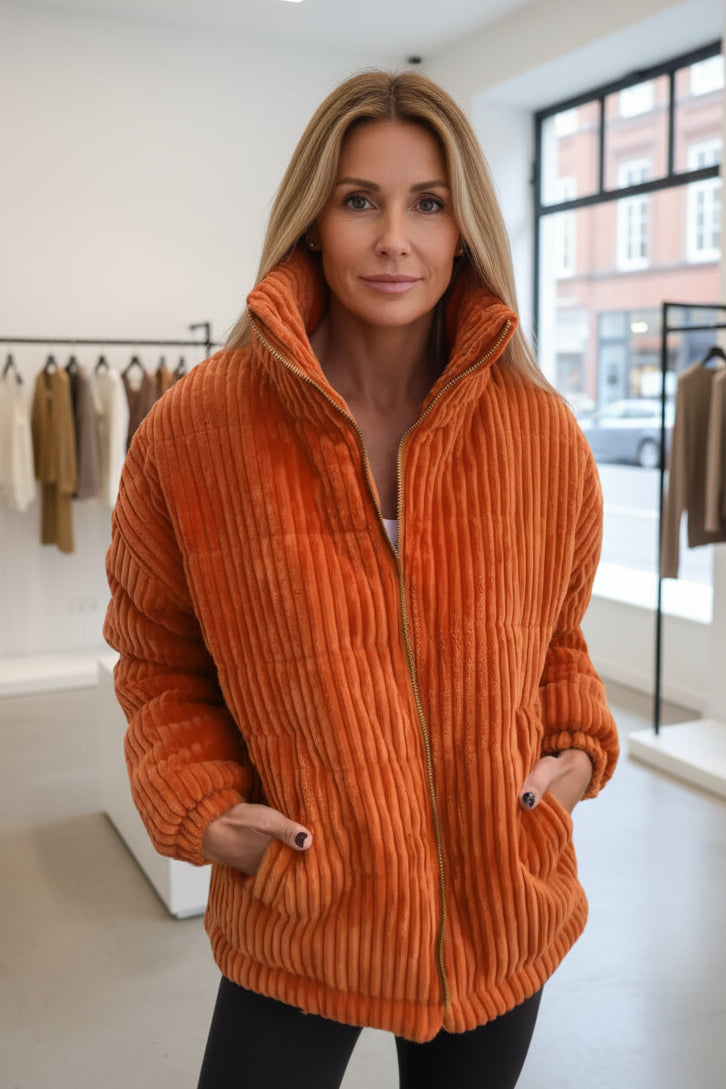 Women's Quilted Coat | High Collar & Relaxed Fit 5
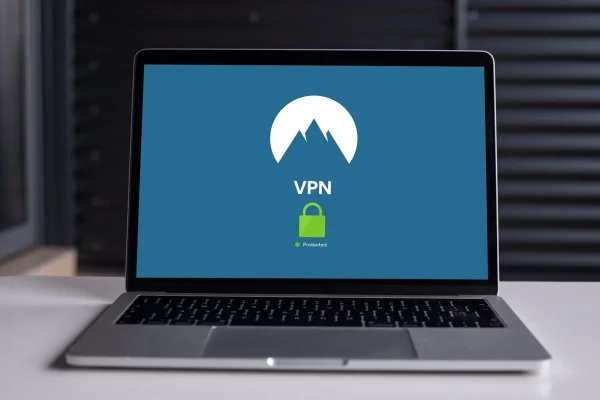 Evoluzione della Sicurezza Online: Truffe, Phishing e Furti d’Identità secondo NordVPN | Intervista Esclusiva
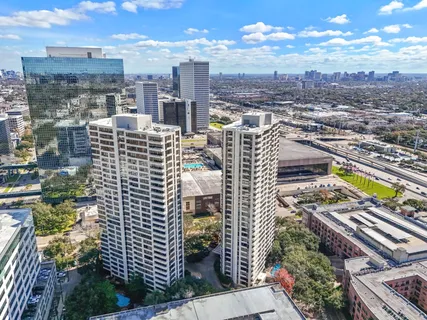 $325,000 | 15 Greenway Plaza, Unit 12D, Houston, TX 77046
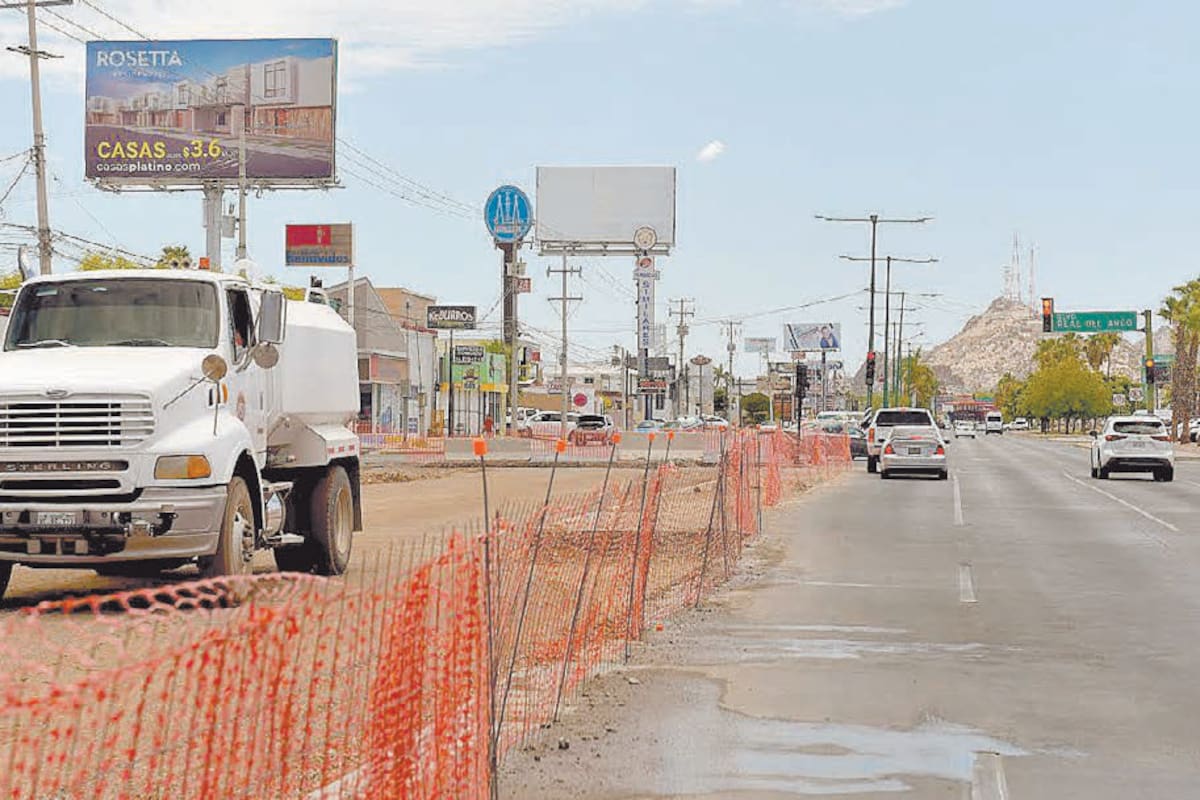 ¡Infórmese! A partir de hoy restringen tránsito en calle Obregón por obras del paso a desnivel en bulevar Colosio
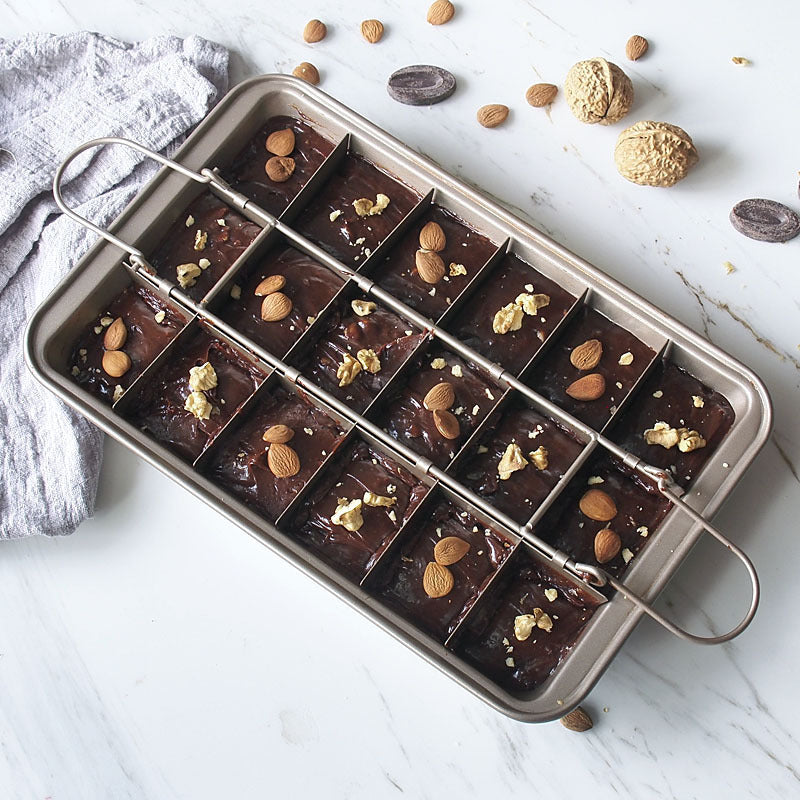 Premium Checkered Brownie Baking Pan - High Carbon Steel with Teflon Coating, 31x20x4.9cm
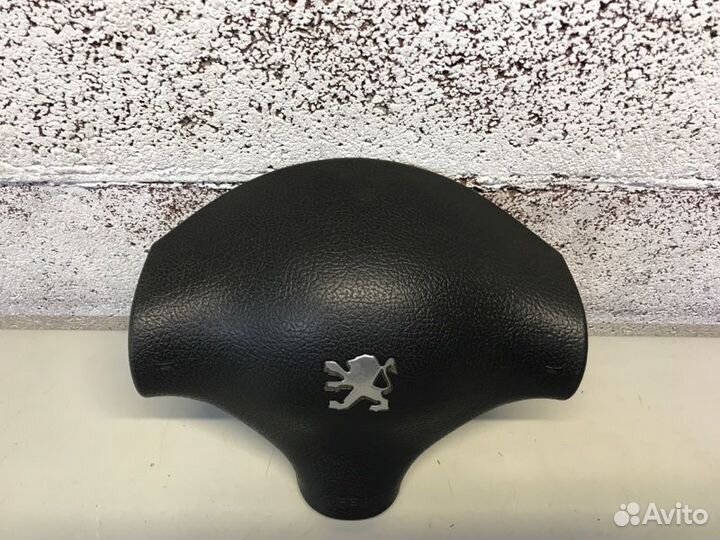 Подушка безопасности в руль Peugeot 206 хетчбек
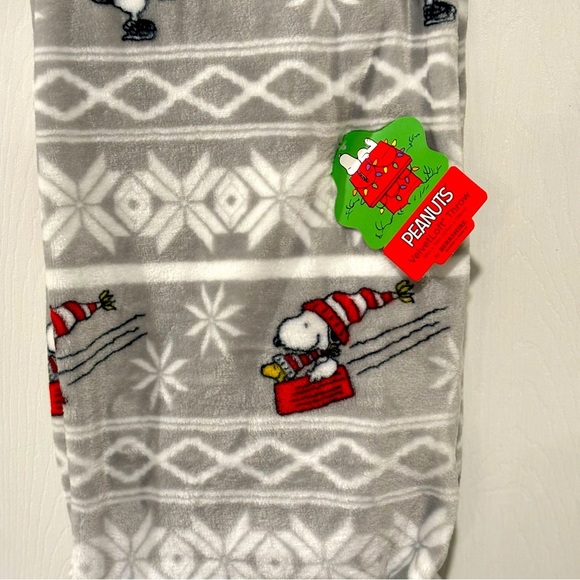 PEANUTS Snoopy Woodstock VelvetLoft Throw 50"x70” Sledding Ice Skating NEW - Picture 7 of 9
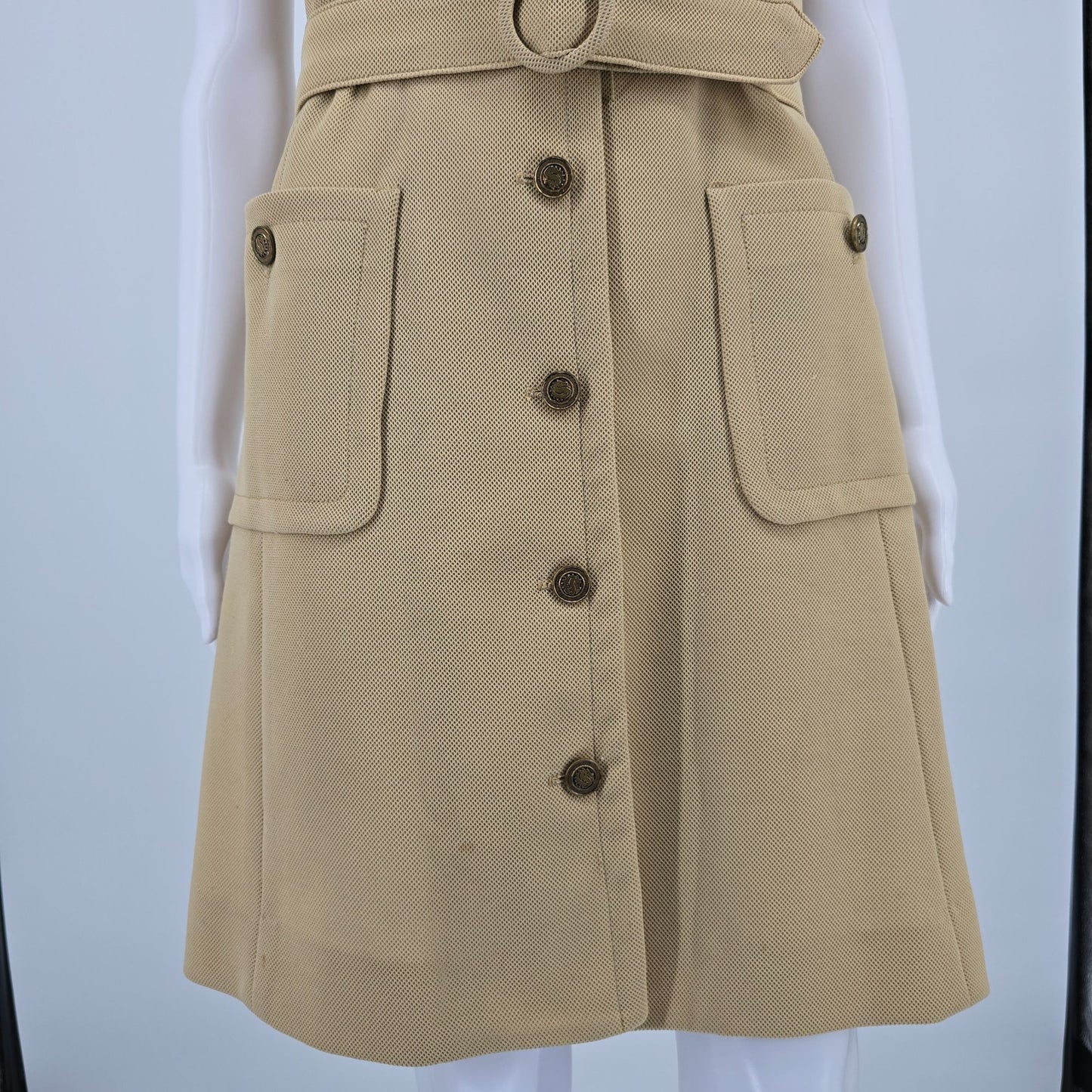 Vintage 1970s Act III Tan Dacron Polyester Belted Sleeveless Safari Dress (M)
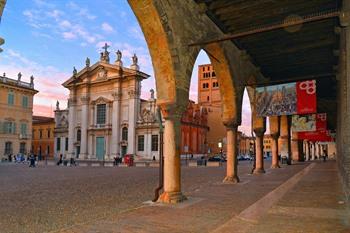 Kathedrale des heiligen Petrus Apostels auf der Piazza Sordello, Mantua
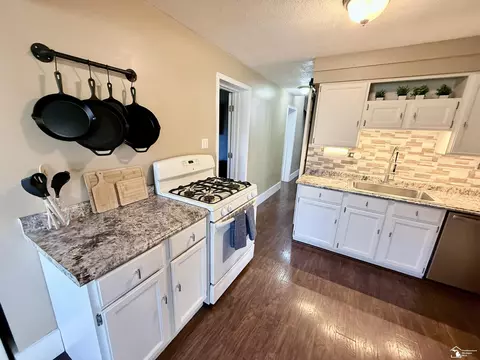Kitchen - 2911 Whitlock, Jackson, MI 49202 photo 2 of 4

» **WHAT YOU WILL DO**
Starting with the first line of the data above and ending with the line containing "Houston, TX 77046", please restate every line exactly, leaving images out.

» **TASK ANSWER**
 Women's Quilted Coat | High Collar & Relaxed Fit 5
 Evoluzione della Sicurezza Online: Truffe, Phishing e Furti d’Identità secondo NordVPN | Intervista Esclusiva
 $325,000 | 15 Greenway Plaza, Unit 12D, Houston, TX 77046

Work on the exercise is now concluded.